Not only are there dozens of new channels through which to educate prospects; there is an increasing expectation from buyers that vendors use them.
(remember – almost half of decision-makers prefer to do all research themselves)
Customers may start with a deep-dive on your website before asking to speak to a rep.
Or they pick up the phone first and then dig through your technical documentation.
Or they speak to colleagues from the industry and come ready to buy, no pitch required.
What we’re talking about here isn’t a marketing or sales challenge – it’s an information one.
How can you give prospects what they need in the way they want it? How can you built the optimum customer journey?
The smart B2B companies are building their commercial strategies working backwards from this mindset.
- First, figure out the typical buyer journey leading up to puchase – who is involved, what information do they need to make a decision, where do they want to access it? This requires research – both direct with customers themselves and indirect across your CRM and analytics.
- Second, restructure the team against this process. As a rule of thumb, most companies will see at least four common ‘jobs’ from their prospective buyers – Discover, Purchase, Implement and Run – and should thus distribute resources to support each one. Importantly, all of these teams should all be accountable for revenue targets that ladder up into the ones held by leadership.

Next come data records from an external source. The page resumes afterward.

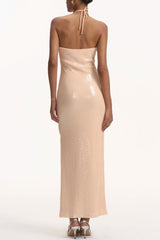 Vidonia Halter Floral Sequin Maxi Dress - Nude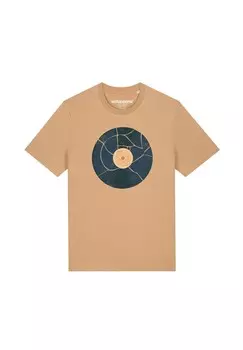 Футболка с принтом BROKEN VINYL watapparel, бежевый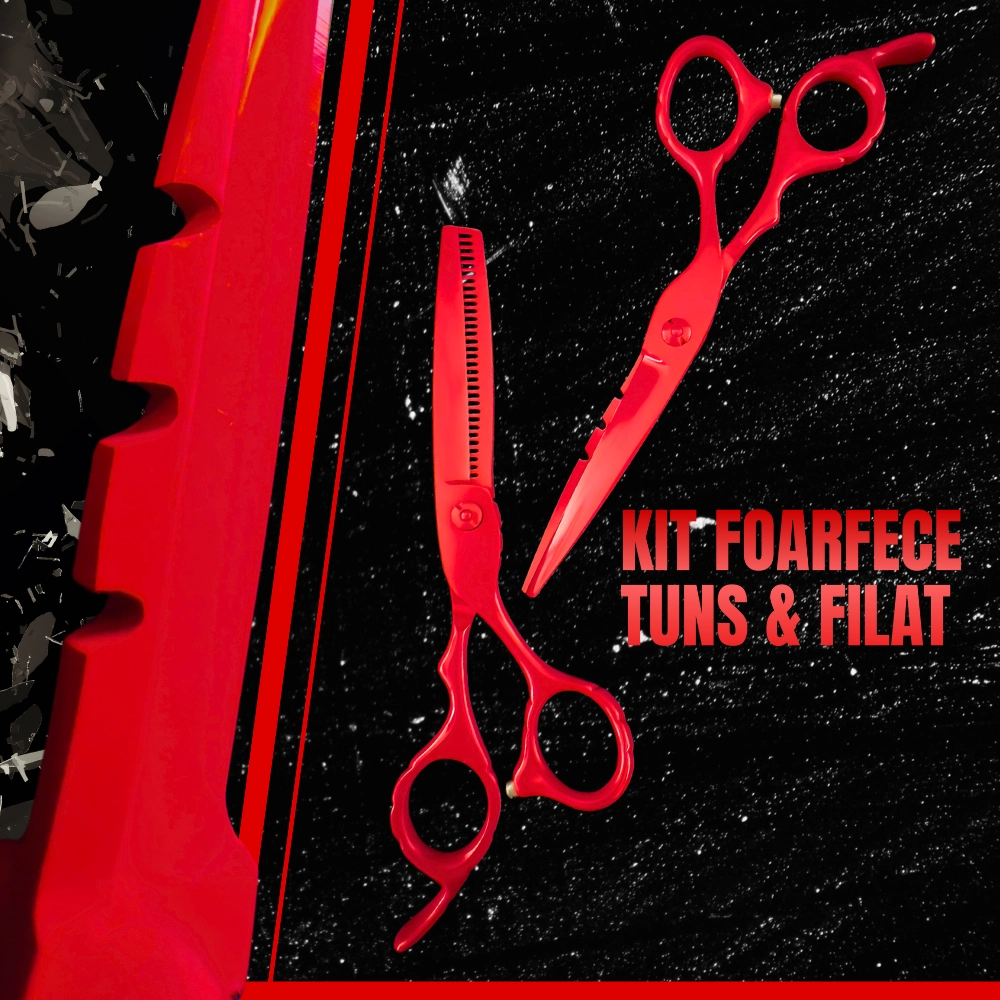 Set profesional de 2 foarfece de tuns si filat 6''- phantom red [7]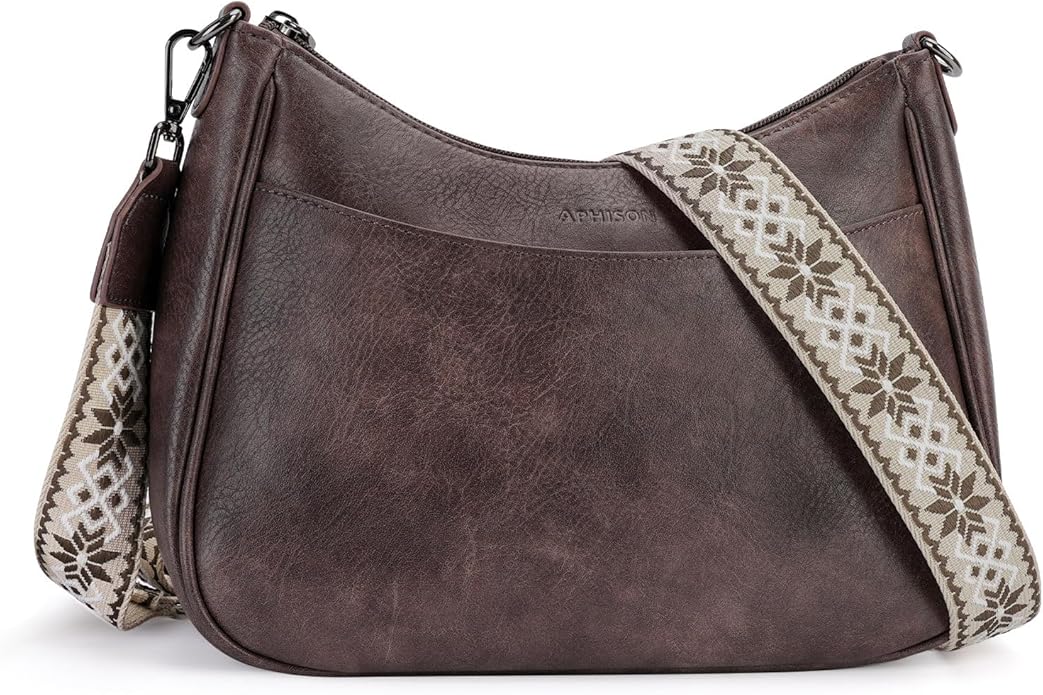 APHISON Trendy Leather Crossbody Purse with Adjustable Strap, Women's Shoulder Handbag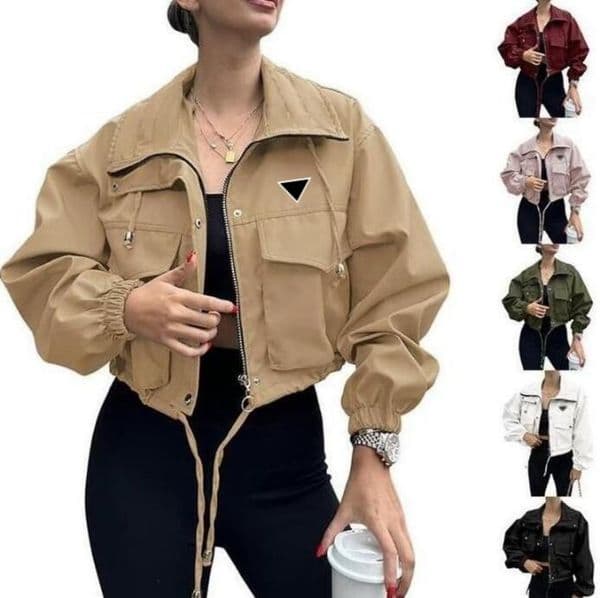 designer jacket women short trench jackets long sleeve big pocket solid color womens coat for autumn spring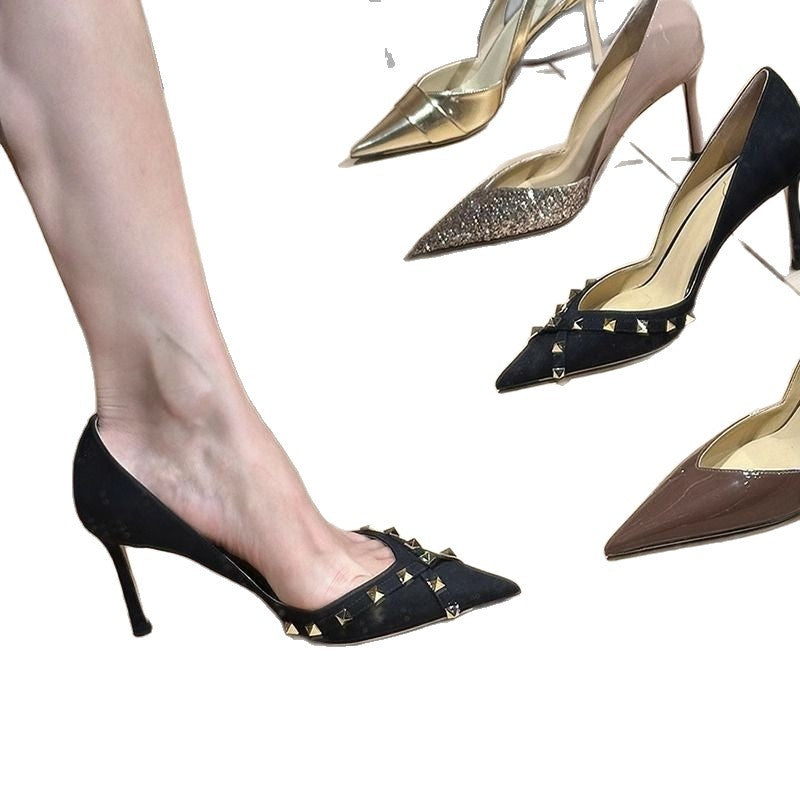 Damen spitze High Heel Pumps mit luxuriösem Schnallen-Design EB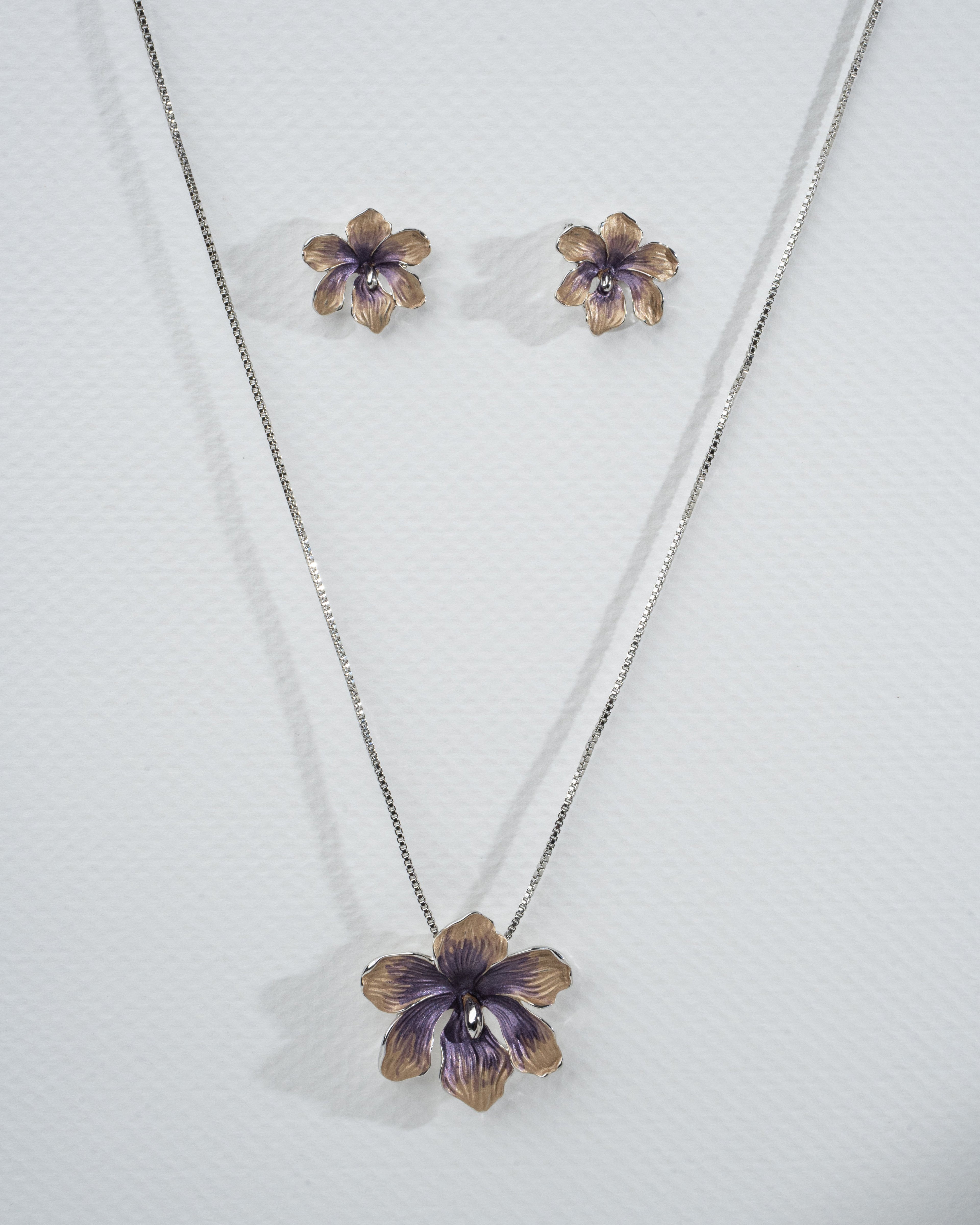 Elegant Orchid Flower Jewelry Set - Necklace and Earrings
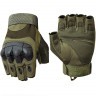 Перчатки тактические Стикхант Major Half укороченные прорезиненные Хаки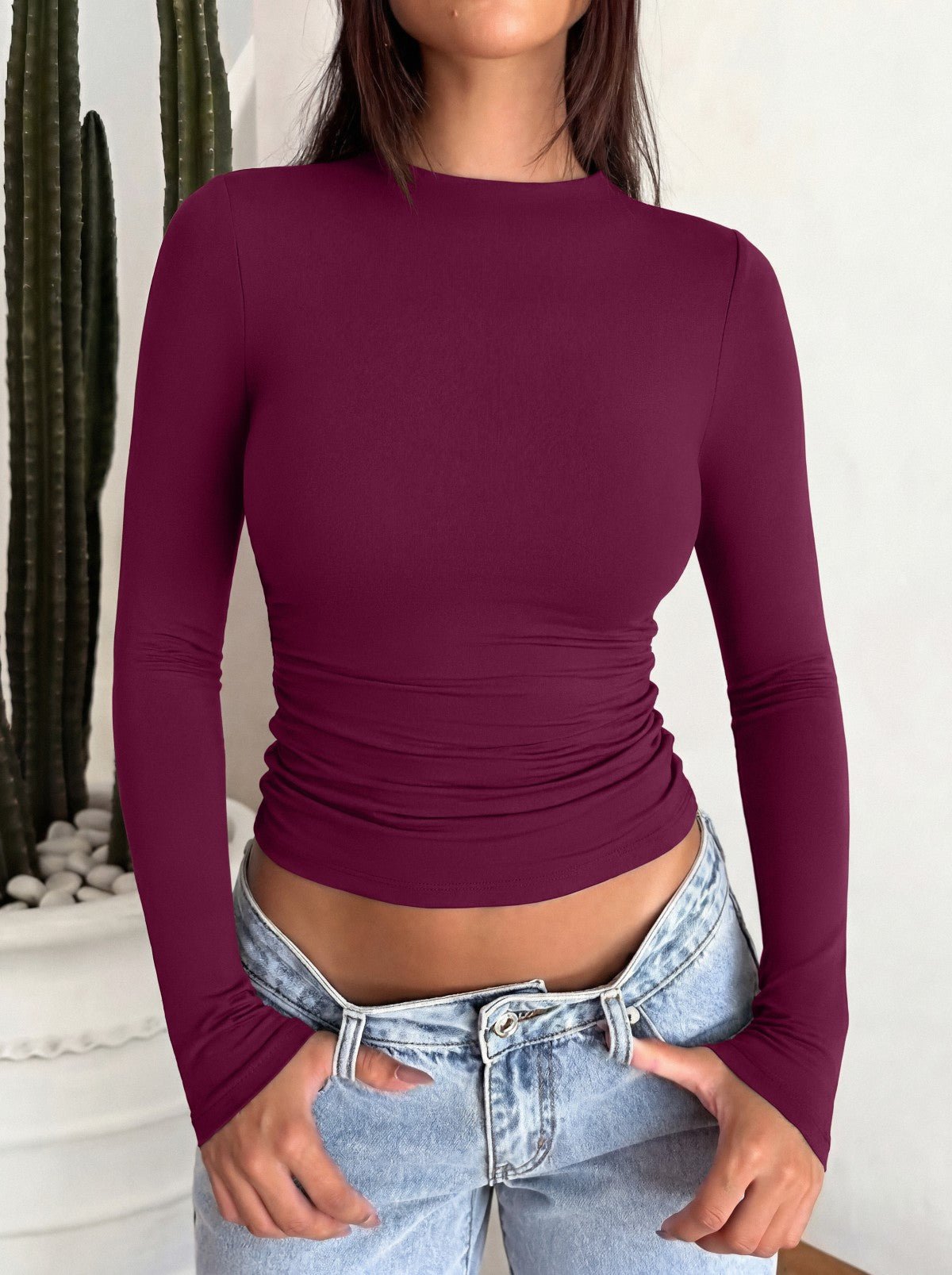 Mock Neck Ruched Waist Top - Business Casual Blouse for Women - Satinni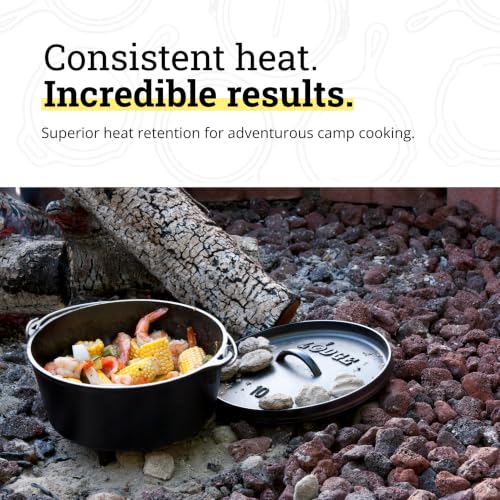 Pre Seasoned Cast Iron Deep Camp Dutch Oven with Lid (5 Quart / Oven)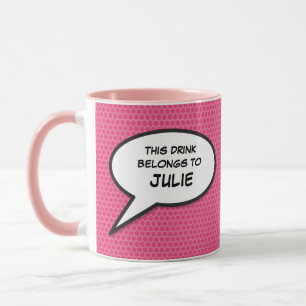 Mug Citation de bulle vocale personnalisée rose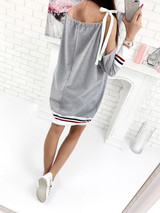 New Grey Bow Long Sleeve Sweet Going out Party Mini Dress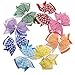 Produktbild QtGirl 8 Stück 10cm geschichteten Karomuster Windrad Form Haarbögen für Mädchen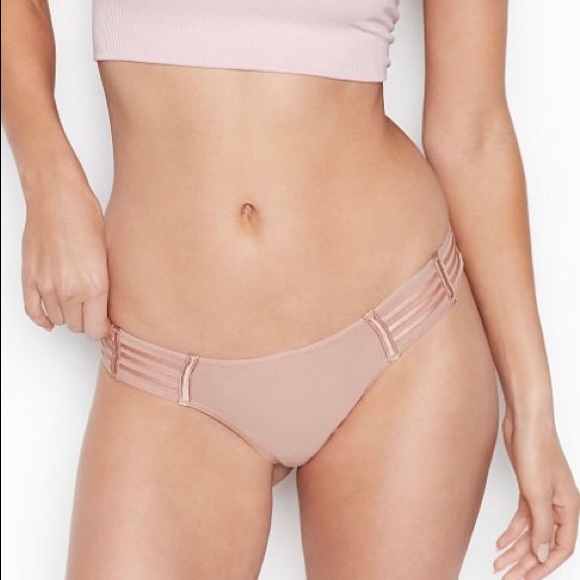 Victoria’s Secret 34C & Small Cheekini Tanga Mesh Caged Bra Set in Demure Pink - Picture 4 of 5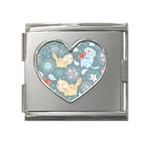 Cute Cat Background Pattern Mega Link Heart Italian Charm (18mm) Front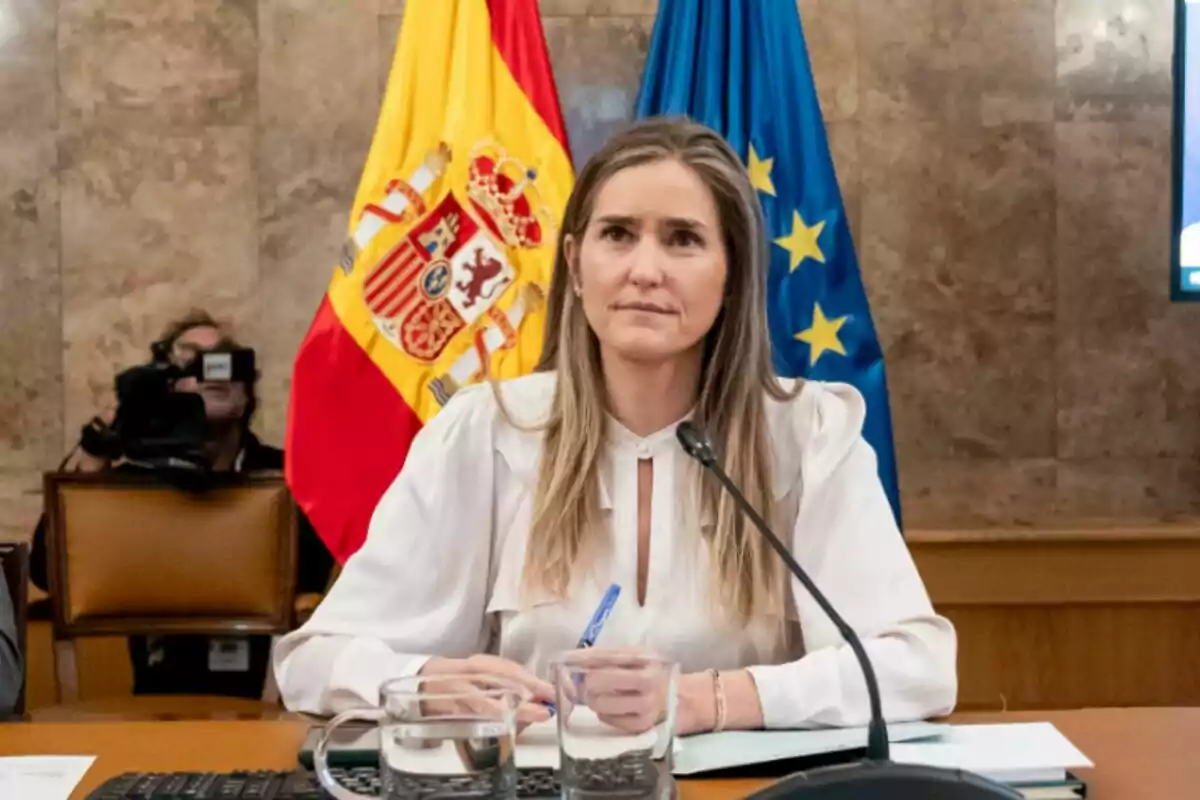 La ministra Sara Aagesen sentada en una mesa con banderas de España y la Unión Europea detrás. La ministra Sara Aagesen sentada en una mesa con banderas de España y la Unión Europea detrás.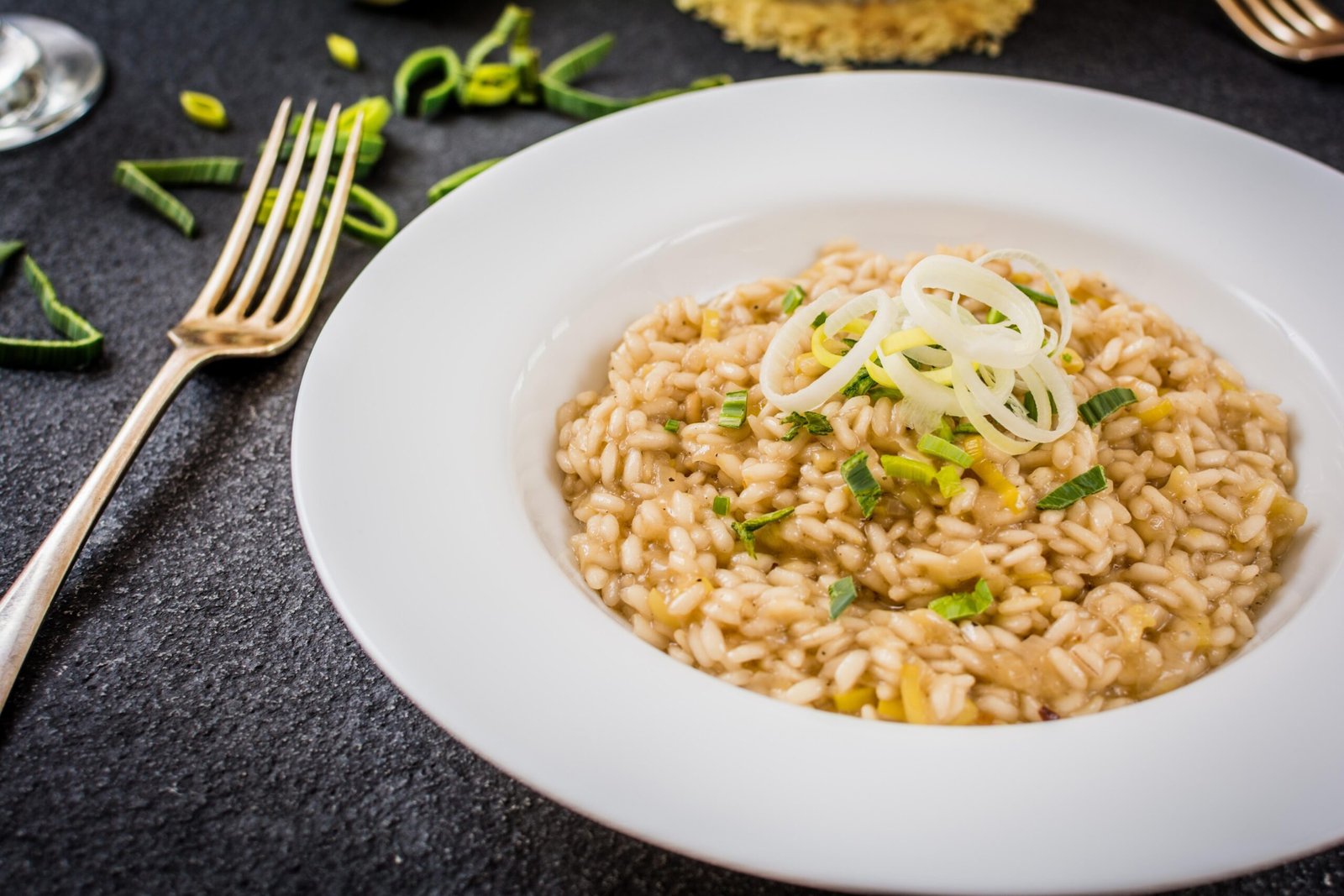 Creamy leek risotto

- One of the biggest issues with the traditional marketing and sales functions is the siloing of information. So the final step is to develop an insights centre responsible for tracking success across the function and feeding back common trends to constantly improve and iterate the process.
Build an MVP Infrastructure
It’s crazy to me how many companies out there trundle along using a Frankenstein collection of tools that don’t talk to one another.
There’s one platform for sending emails. Another for managing the website. Perhaps some pieces are plugged into Google Analytics? Or loosely connected via Zapier? Oh, and don’t forget there’s a CRM being used by marketing while sales manage their contact books in Excel.
I’ve been in this situation and it’s Grandma’s recipe for inefficiency and frustration for early-stage companies.
For one, you will waste a huge amount of time trying to marry datasets across tools to try and get some grasp as to what is going on across the buyer journey. Inevitably it will require a ton of manual data entry that ends up in a spreadsheet no one but you understands and likely becomes out-of-date the moment it’s completed.
Secondly, a gust of wind may blow over your tech stack if you don’t have developer support to integrate and manage all the tools properly. One wrong field entry or misconfigured trigger can bring the whole machine down at a moment’s notice and send you on a near-impossible scavenger hunt to try and find the culprit.
And finally, the missed opportunity cost. Remember, the buyer journey is not linear. Prospects may start with marketing and go to sales before closing a deal or vice-versa. They may ping pong back and forth between the two for a while. Or come to you ready to buy.
What’s important is that you are waiting for them at the right moment with the right information in the right channel. And this is very difficult to achieve when half of your team have no idea what’s going on on the other side because they don’t have access to the same platforms.
Early-stage companies need one platform that can handle 80% – 90% of their needs from day one – build, run and monitor campaigns, manage contact information, collect data across all owned touchpoints, provide visibility on pipeline and automate as much of the workload as possible.
Something like Hubspot*.
*not a sponsored post, it just kicks ass
Takeaway
How customers buy and how companies sell are two entirely different things. Traditional marketing and sales teams have to adapt to the new reality of buyer behaviour – where getting the right information is more important than who it comes from – if they’re to get ahead of the competition. This requires new thinking around commercial leadership, shaking up the organisation of internal teams, and building a holistic customer-focussed infrastructure from the ground up.